The thirteenth chapter of Matthew’s Gospel introduces us to Jesus’s use of parables.
A parable is a wise saying or a fictitious short story used by Jesus to expound his teaching. It leads the listener to concede a point that he himself does not immediately perceive as applicable to himself, so the lesson goes home.
Most of the parables used by Jesus come from his own life setting, so they were familiar to his listeners. Later on, the teachings of Jesus were modified by the early Christian community. We notice this when we compare the parables in their different Gospel versions.
One of the simplest and best loved parables is that of the Sower. It’s a simple description of the process of ploughing in Palestine, of the kind of ground on which the seed is sown, and of the usual results.
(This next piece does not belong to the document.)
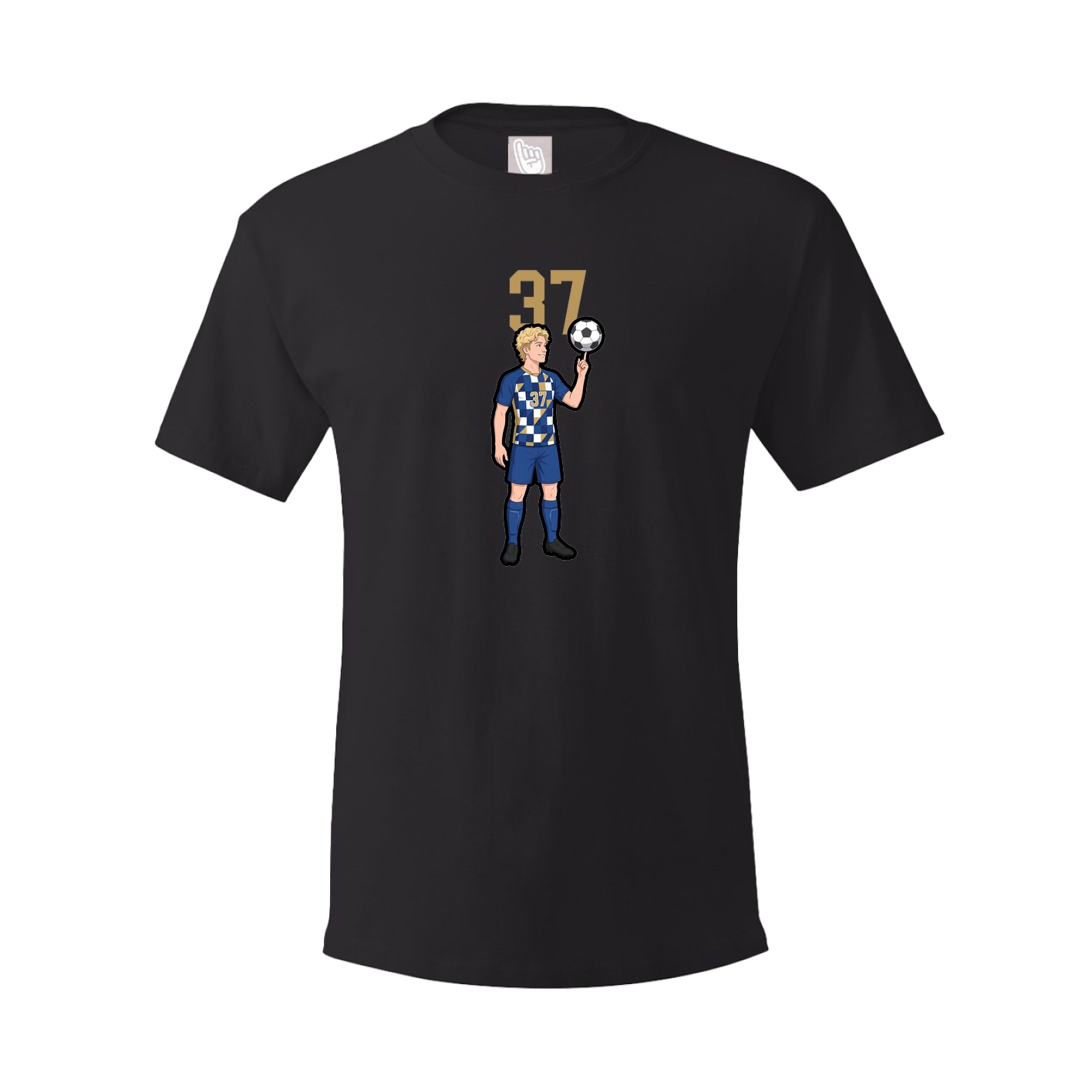Youth Tee — Number Top in Black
The “footpath” is the soil trodden hard in paths through the fields. Wild thorns, the most common weed in the country, are not cleared before ploughing, but are upturned during the act of ploughing itself. The fields are sown throughout, even at the edges where the limestone subsoil lies close to the surface. The parable concludes with a reference to the yield of the crop, which varies depending on the quality of the soil where the seed was sown.
The ‘kingdom of heaven’ is the central point of the parable. The kingdom will arrive in spite of obstacles. The harvest will be there, in spite of the difficulties of growth. This is a real cause of hope. Even in the early Church communities, not everyone yielded a bumper harvest. The results varied. So this parable is an image of the Church in growth.